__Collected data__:
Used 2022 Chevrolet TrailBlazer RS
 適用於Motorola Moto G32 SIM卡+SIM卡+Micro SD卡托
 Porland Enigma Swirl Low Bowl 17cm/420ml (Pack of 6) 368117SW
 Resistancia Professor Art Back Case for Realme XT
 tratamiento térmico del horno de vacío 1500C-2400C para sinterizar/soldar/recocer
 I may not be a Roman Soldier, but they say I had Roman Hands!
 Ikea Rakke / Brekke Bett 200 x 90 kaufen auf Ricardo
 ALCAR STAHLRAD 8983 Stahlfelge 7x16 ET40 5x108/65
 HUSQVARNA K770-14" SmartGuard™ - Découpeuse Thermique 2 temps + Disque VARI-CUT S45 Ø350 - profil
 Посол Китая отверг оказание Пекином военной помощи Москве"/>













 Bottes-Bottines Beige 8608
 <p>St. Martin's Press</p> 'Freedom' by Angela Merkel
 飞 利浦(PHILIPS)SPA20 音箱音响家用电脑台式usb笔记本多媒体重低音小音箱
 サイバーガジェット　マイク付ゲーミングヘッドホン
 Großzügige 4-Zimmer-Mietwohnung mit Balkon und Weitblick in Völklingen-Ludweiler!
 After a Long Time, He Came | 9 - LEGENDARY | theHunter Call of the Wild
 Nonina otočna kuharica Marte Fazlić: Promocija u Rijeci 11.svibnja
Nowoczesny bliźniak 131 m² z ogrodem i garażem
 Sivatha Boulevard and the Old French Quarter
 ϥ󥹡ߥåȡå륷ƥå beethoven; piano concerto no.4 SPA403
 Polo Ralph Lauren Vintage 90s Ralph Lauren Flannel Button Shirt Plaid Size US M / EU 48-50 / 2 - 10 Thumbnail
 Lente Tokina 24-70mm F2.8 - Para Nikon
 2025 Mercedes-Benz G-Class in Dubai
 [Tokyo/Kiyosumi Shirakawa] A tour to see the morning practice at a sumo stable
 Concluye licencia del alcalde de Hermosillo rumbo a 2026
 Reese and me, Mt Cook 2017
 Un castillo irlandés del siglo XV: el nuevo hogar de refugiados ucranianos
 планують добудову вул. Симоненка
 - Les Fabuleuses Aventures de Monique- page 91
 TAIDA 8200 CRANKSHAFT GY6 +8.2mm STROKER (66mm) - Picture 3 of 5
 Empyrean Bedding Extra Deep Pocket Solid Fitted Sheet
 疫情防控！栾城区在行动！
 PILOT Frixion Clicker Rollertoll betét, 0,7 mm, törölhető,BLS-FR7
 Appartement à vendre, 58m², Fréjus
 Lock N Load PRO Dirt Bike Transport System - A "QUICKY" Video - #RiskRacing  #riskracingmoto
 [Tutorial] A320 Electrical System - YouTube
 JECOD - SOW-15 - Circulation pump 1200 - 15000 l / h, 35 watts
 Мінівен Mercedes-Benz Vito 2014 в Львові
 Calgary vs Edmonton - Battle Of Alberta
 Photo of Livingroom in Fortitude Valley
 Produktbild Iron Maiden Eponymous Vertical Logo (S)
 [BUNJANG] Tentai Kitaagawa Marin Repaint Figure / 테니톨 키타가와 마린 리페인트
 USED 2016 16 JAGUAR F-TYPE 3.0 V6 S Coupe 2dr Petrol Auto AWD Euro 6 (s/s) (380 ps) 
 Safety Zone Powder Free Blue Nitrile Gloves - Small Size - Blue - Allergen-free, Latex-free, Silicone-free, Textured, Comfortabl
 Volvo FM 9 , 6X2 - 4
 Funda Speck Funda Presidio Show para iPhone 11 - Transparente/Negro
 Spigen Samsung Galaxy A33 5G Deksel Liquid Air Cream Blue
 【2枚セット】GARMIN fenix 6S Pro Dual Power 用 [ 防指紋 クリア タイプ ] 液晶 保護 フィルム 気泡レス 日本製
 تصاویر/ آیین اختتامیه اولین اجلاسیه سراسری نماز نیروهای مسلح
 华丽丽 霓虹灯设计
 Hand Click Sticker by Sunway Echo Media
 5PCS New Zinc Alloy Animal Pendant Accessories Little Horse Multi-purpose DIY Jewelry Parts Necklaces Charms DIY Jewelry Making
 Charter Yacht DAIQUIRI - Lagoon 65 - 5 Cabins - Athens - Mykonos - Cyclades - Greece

__BRIEF__: Please retype all of the lines above exactly as they stand.

__WRITTEN RESPONSE__:
Used 2022 Chevrolet TrailBlazer RS
 適用於Motorola Moto G32 SIM卡+SIM卡+Micro SD卡托
 Porland Enigma Swirl Low Bowl 17cm/420ml (Pack of 6) 368117SW
 Resistancia Professor Art Back Case for Realme XT
 tratamiento térmico del horno de vacío 1500C-2400C para sinterizar/soldar/recocer
 I may not be a Roman Soldier, but they say I had Roman Hands!
 Ikea Rakke / Brekke Bett 200 x 90 kaufen auf Ricardo
 ALCAR STAHLRAD 8983 Stahlfelge 7x16 ET40 5x108/65
 HUSQVARNA K770-14" SmartGuard™ - Découpeuse Thermique 2 temps + Disque VARI-CUT S45 Ø350 - profil
 Посол Китая отверг оказание Пекином военной помощи Москве"/>













 Bottes-Bottines Beige 8608
 <p>St. Martin's Press</p> 'Freedom' by Angela Merkel
 飞 利浦(PHILIPS)SPA20 音箱音响家用电脑台式usb笔记本多媒体重低音小音箱
 サイバーガジェット　マイク付ゲーミングヘッドホン
 Großzügige 4-Zimmer-Mietwohnung mit Balkon und Weitblick in Völklingen-Ludweiler!
 After a Long Time, He Came | 9 - LEGENDARY | theHunter Call of the Wild
 Nonina otočna kuharica Marte Fazlić: Promocija u Rijeci 11.svibnja
Nowoczesny bliźniak 131 m² z ogrodem i garażem
 Sivatha Boulevard and the Old French Quarter
 ϥ󥹡ߥåȡå륷ƥå beethoven; piano concerto no.4 SPA403
 Polo Ralph Lauren Vintage 90s Ralph Lauren Flannel Button Shirt Plaid Size US M / EU 48-50 / 2 - 10 Thumbnail
 Lente Tokina 24-70mm F2.8 - Para Nikon
 2025 Mercedes-Benz G-Class in Dubai
 [Tokyo/Kiyosumi Shirakawa] A tour to see the morning practice at a sumo stable
 Concluye licencia del alcalde de Hermosillo rumbo a 2026
 Reese and me, Mt Cook 2017
 Un castillo irlandés del siglo XV: el nuevo hogar de refugiados ucranianos
 планують добудову вул. Симоненка
 - Les Fabuleuses Aventures de Monique- page 91
 TAIDA 8200 CRANKSHAFT GY6 +8.2mm STROKER (66mm) - Picture 3 of 5
 Empyrean Bedding Extra Deep Pocket Solid Fitted Sheet
 疫情防控！栾城区在行动！
 PILOT Frixion Clicker Rollertoll betét, 0,7 mm, törölhető,BLS-FR7
 Appartement à vendre, 58m², Fréjus
 Lock N Load PRO Dirt Bike Transport System - A "QUICKY" Video - #RiskRacing  #riskracingmoto
 [Tutorial] A320 Electrical System - YouTube
 JECOD - SOW-15 - Circulation pump 1200 - 15000 l / h, 35 watts
 Мінівен Mercedes-Benz Vito 2014 в Львові
 Calgary vs Edmonton - Battle Of Alberta
 Photo of Livingroom in Fortitude Valley
 Produktbild Iron Maiden Eponymous Vertical Logo (S)
 [BUNJANG] Tentai Kitaagawa Marin Repaint Figure / 테니톨 키타가와 마린 리페인트
 USED 2016 16 JAGUAR F-TYPE 3.0 V6 S Coupe 2dr Petrol Auto AWD Euro 6 (s/s) (380 ps) 
 Safety Zone Powder Free Blue Nitrile Gloves - Small Size - Blue - Allergen-free, Latex-free, Silicone-free, Textured, Comfortabl
 Volvo FM 9 , 6X2 - 4
 Funda Speck Funda Presidio Show para iPhone 11 - Transparente/Negro
 Spigen Samsung Galaxy A33 5G Deksel Liquid Air Cream Blue
 【2枚セット】GARMIN fenix 6S Pro Dual Power 用 [ 防指紋 クリア タイプ ] 液晶 保護 フィルム 気泡レス 日本製
 تصاویر/ آیین اختتامیه اولین اجلاسیه سراسری نماز نیروهای مسلح
 华丽丽 霓虹灯设计
 Hand Click Sticker by Sunway Echo Media
 5PCS New Zinc Alloy Animal Pendant Accessories Little Horse Multi-purpose DIY Jewelry Parts Necklaces Charms DIY Jewelry Making
 Charter Yacht DAIQUIRI - Lagoon 65 - 5 Cabins - Athens - Mykonos - Cyclades - Greece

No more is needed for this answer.